Company culture is very important. It affects everything, from employee satisfaction to performance and how your organization is perceived in the media.
To cultivate a great company culture, managers should identify the behaviors that need to be encouraged within the workplace and those that need to be discouraged.
They can then come up with a system of rewards and punishments that are in line with the company’s desired culture.
Having your employees work in teams is a great way of harnessing the benefits of both reinforcement and punishment. Working in teams can help your employees cover each other’s weaknesses and achieve their targets, helping them receive praise or promotions (reinforcement).
At the same time, if certain members of the team are not working as hard as they should, they will incur negative backlash (punishment) from their team members, thus discouraging them from slacking off in future.
This way, working as a team provides reinforcement for good performance and hard work and at the same time provides punishment for those who go against the grain.
Using Sales as a Reward
Reinforcement is also commonly used to boost performance in sales departments. Many businesses provide bonuses for sales people who hit their targets. The bonus acts as positive reinforcement for achieving their targets.
This motivates the sales people to learn everything they need to do in order to close more sales, hit their targets and get the bonus.
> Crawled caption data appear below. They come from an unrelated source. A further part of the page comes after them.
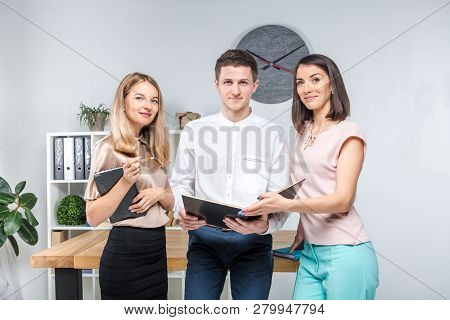 Theme Business, Teamwork And Partnerships. A Group Of Young People, Three People, Stand In An Office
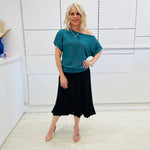 Stunning off the shoulder emerald green top with delicate shimmer. Flattering relaxed fit cut with stretch waistband for style and fit. Worn with black stretch skirt with asymmetrical hemline small ruffle detail.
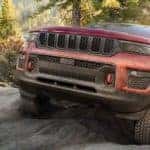 A red 2022 Jeep Grand Cherokee Trailhawk is shown from the front while off-roading.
Skinner’s theory of operant conditioning has been an important tool in helping psychologists understand how individuals learn and modify their behavior. The theory surmises that our environment and its reactions to our actions has a major influence on our behavior.
Skinner’s theory of operant conditioning is something we use in daily life to either encourage behavior – by providing reinforcements – or to discourage behavior – by meting out punishment.
You can see examples of operant conditioning in various spheres of daily life, from teaching your children good behavior and pet training to encouraging good performance at work and teaching good discipline in the military.